Based on your representation today of the changes that you’re including, and the verbal representation that we will make, I think we’re probably okay adding that language back in, if that makes you feel more comfortable, I would ask for a reconsideration of that. Because I think that’s important, but some of the Resolves don’t say what we just agreed to, and that’s the concern.

Cortese: “Well, if you‘re opening up a motion for reconsideration, I’ll second it.”

Eklund again raised an objection. “So, President Pierce, my concern is that there are some Resolves in this 4210 that I’m not sure I agree with. And we haven’t really had a chance to talk about that.”

Eklund was only echoing Pierce’s own comments. Once again, Pierce should have had Eklund’s back. Instead, she again shushed her colleague: “And we don’t have time to talk about it here this morning.”

Eklund: “So I assume that we just go through the resolution that we just passed, and there will be the verbal…”

Spering interrupted her and, confusingly, asked Luce to second the non-motion, which Cortese had already seconded.

Luce: “I will, because I’m trusting you guys, because what we said just now is true.”

Spering : You have my word, and Dave…”

Luce: “That’s good enough.”

But what exactly had they said? Presumably that consolidation would not be pursued during the rest of the fiscal year. Nothing, however, about the contradictions.

Pierce: “I think that should be good enough for us. I mean, we’ve got to set the tone going forward, but”—apologetically—“I needed to tell you what those reasons were, Dave, because we hadn’t seen [the changes].” Strictly speaking, they still hadn’t seen them.

Cortese graciously accepted her capitulation: “I understand. That’s fine.”

Pierce: “We have a motion and a second to reconsider.”

Luce: “Just for clarification…ABAG supports Resolution 4210 with the following modifications.”

Eklund, however, was not quite ready to give up. “But what does that mean—‘supports 4210’?” she asked. “Because some of the Resolution and the Whereases…”

Pierce: “It will be made consistent with what we are adding to Attachment A. The rest of the resolution will be made consistent with the changes being made now.”

Cortese: “We’re only asking you to support 4210 if indeed the commission adopts these same modifications [places hand on the red-lined text of 4210]. That’s what the ask is.”

But Pierce had requested something more: that Cortese acknowledge the contradictions at the MTC meeting.

Eklund: “So we’re agreeing with the functional consolidation of land use planning and transportation.”

Pierce: “No, we’re not. This language takes this off the table.”

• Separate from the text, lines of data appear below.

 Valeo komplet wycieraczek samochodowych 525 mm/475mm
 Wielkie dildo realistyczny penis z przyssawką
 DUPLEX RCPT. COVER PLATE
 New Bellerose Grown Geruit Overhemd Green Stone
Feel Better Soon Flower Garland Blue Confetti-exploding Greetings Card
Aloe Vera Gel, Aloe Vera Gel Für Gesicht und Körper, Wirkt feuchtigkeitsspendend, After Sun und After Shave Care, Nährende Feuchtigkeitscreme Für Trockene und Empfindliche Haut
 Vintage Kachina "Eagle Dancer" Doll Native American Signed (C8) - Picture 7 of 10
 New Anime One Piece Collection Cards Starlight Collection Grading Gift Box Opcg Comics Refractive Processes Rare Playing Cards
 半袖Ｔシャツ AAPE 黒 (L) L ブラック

Not so. The language just temporarily moved 4210 from the center of the table to a place where MTC could retrieve it at a later date.

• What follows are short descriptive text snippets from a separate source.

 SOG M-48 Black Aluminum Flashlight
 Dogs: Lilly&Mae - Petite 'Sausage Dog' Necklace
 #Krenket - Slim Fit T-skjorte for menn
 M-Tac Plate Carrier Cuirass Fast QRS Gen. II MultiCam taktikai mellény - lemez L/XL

Eklund: “If we say we’re supporting 4210, it may give the appearance to some people that we agree that land use planning and transportation planning need to be functionally consolidated, and that may not be the case.”

Cortese:

The commission wants to keep consolidation, although in abeyance, as a backstop until July 1, as we start the new fiscal year, at the same time, ABAG wants us to turn our direction to a merger study and a merger implementation plan that would subsume and pre-empt this planning consolidation model….It allows both agencies at this point not to be throwing away the positions that they came in with….Nobody’s working on planning consolidation between now and July 1 at MTC.

But ABAG’s interest in a merger study is scarcely equivalent to MTC’s desire to appropriate ABAG’s planning staff and, as per unmodified Resolution 4210, regional planning at large.

Pierce made nice: “That’s what we need to hear.”

With less than two minutes left, they unanimously approved reconsideration and the revised resolution. Pierce adjourned the meeting, and everyone trooped upstairs to the MTC meeting.